The concept of left/right in politics is debilitating in it’s lack of dimensions, but it’s useful to structure discourse. I thought I’d broaden things out to offer a less debilitating, and hopefully more accurate break down of American political world views. Things are still more complicated than this, but it’s based on the idea that there are actually 3 main world views in American politics, not just two. No one fits neatly in to just one world view, and no one is consistent on which they apply to all issues — most of us use one or another almost completely unconsciously, based on social context, and will apply different ones to different issues.

The main things I wanted to show with this are where the identitarian politics and “centrism” really fits, because left/right doesn’t cover it. Identitarian politics, how I loath thee. It is the politics of identity, of “othering” — whether it’s about the aggrieved minority (Democrats), or the aggrieved majority (“white” Republicans), it doesn’t matter — it’s all the aggrieved in-group vs the out-group oppressors, asserted by a static unchallengeable authority, and it’s always dangerous — yes, even when Democrats do it.

Terms like “liberal” and “centrist” have been so debased, that it’s hard to even discuss them. We live in a liberal culture, with a liberal democracy, and a liberal economy. We are almost all of us liberal, despite the way right-wing media uses that word as a slur against their favorite straw-man opponents. Whenever CPAC conservatives talk of “liberty” they are dipping in to liberal moral frames. “Centrists” are simply arrogant — they believe they sit in the void in the middle of this chart, but they are really just promoting a specific kind of economic classical liberalism mixed with a moderate amount of social support (progressive morality). Centrists have failed to noticed how much they’ve drifted to an extremist kind of liberalism (neoliberalism) away from support in any legitimate sense. Support is all just lip service from centrists, and that’s put progressives in sharp contrast. But we can work on that. Progressives have made their own mistakes, courting identitarian politics too aggressively, because they don’t have any natural aversion like liberals do, to leveraging authority.

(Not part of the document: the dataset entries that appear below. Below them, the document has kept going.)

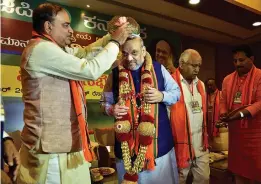  ?? — PTI ?? BJP national president Amit Shah being presented a Mysore peta by Union minister Ananth Kumar during his meeting with the party's state legislator­s and MPs at a resort on the outskirts of Bengaluru on Sunday.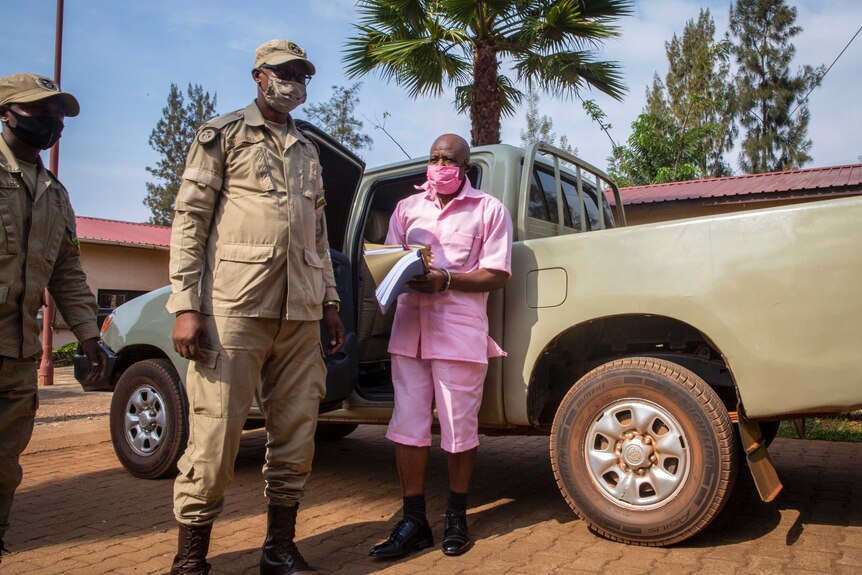 Paul Rusesabagina wears a pink prison suit as he stands near a truck with armed guards.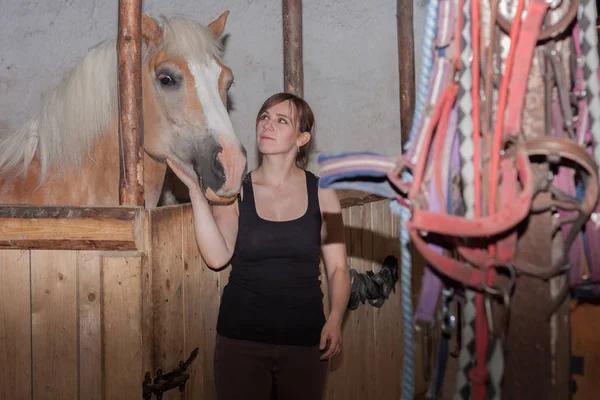 Jonge vrouw streelde haar paard in stal. — Stockfoto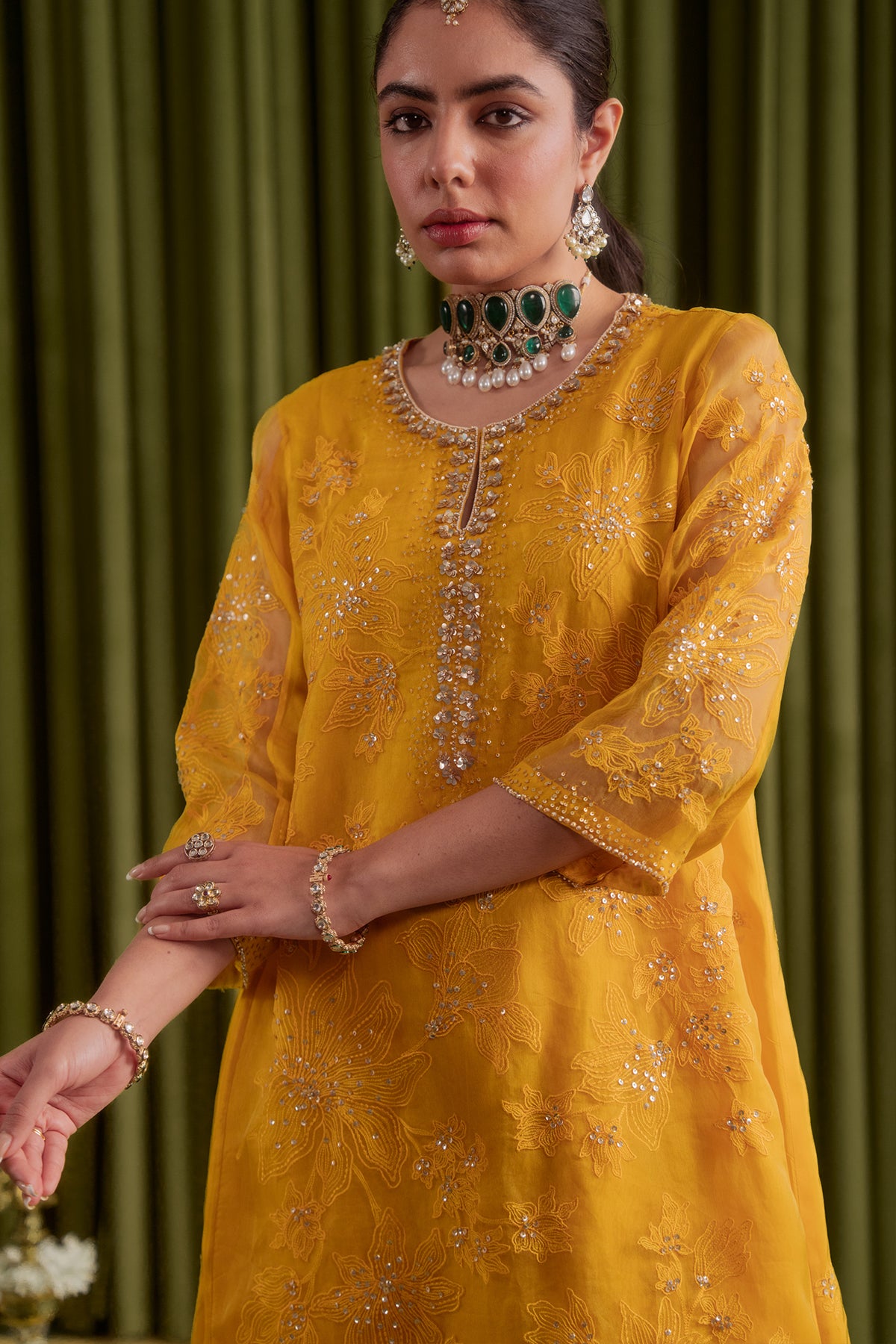 Golden yellow kalidar kurta set with delicate floral embroidery.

Conservatives can’t stand centrists, because they don’t represent conservative values of self-discipline and their specific kind of authority. Conservatives are all about authority, not liberty, not that they seem to be any kind of self aware about it. When they are talking about liberty, it’s a specific kind of liberty, the kind where they get to set up their own little strict father fiefdoms. Ask a conservative (who’s not also a libertarian) if you should obey a police officer. See if you get an answer about liberty.

There is a funny alliance between “centrists” and identitarians, but we can see this starting to fray as the identitarians get ever more hard-line and inflexible about every little perceived slight, and lean harder and harder on conservative model authority (I’m right because my cause is righteous, and my authority to define terms shall not be challenged!). Identitarian politics is as illiberal as you can get.

These inflexible identitarians are going to cost progressives and centrists a lot in the next election (2022), count on it. Look at the chart, it’s a completely ridiculous alliance. When “centrists” blame progressives for those losses, they’re partially right, but only because of the identitarian component — and we can do something about it, if we understand our values, and stop the madness (or we can cancel Whoopi for the crime of having said something unpopular, but probably true…).

The key to understanding the blended positions is that they aren’t blended at all. The folks in those in between spaces hold multiple separate world views. There is no rational compatibility between liberalism and conservatism, or progressive and liberalism. That’s why the libertarians seem so bizarre, and centrists so wishy-washy. American libertarians are seen as something of an anomaly — but if you understand moral reasoning in the human brain, it’s easier to understand. Economic liberalism on the economy, so they can do strict father conservatism in their businesses and at home. That’s the exact opposite of progressive. It’s the same for identitarians and centrists. These multi-world-view in-betweens are more defined by what they oppose than what they support. Each of these in between groups will simply apply one of their world views to a different issues, or in a different social contexts. They aren’t blending anything. It’s more like balancing competing concerns. I almost labeled the “nobody” space “Zen.”

It’s the liberal in me who has a problem with identity politics. The progressive in me wants to address their grievances. This is not easy to balance, but imagine how much easier it would be to balance if we could talk about it directly without getting cancelled. There are multiple incompatible world views at play. None of the 3 main world views are wrong in their morals, even if they are doing some reprehensible things in the pursuit of puritanical versions of each. They are each righteous inside their own frameworks. Even conservatism has a place — but it’s dangerous on its own — all 3 are. They must be balanced.

BTW, rationalist thinks they are in the “nobody” place, but the truth is, they are mostly one of these groups, doubling down on a particular moral world view, and calling it more rational than the other rationalists. A real rationalist would be eager to learn how moral cognition works, and start to map this out, but they have mostly just doubled down on their own kind of identity based in-group mockery, and it has to stop. We need to figure out how to balance these things, so we can occupy that central space in a real way.

I call one who would occupy that place, the radical moderate. More on that to come.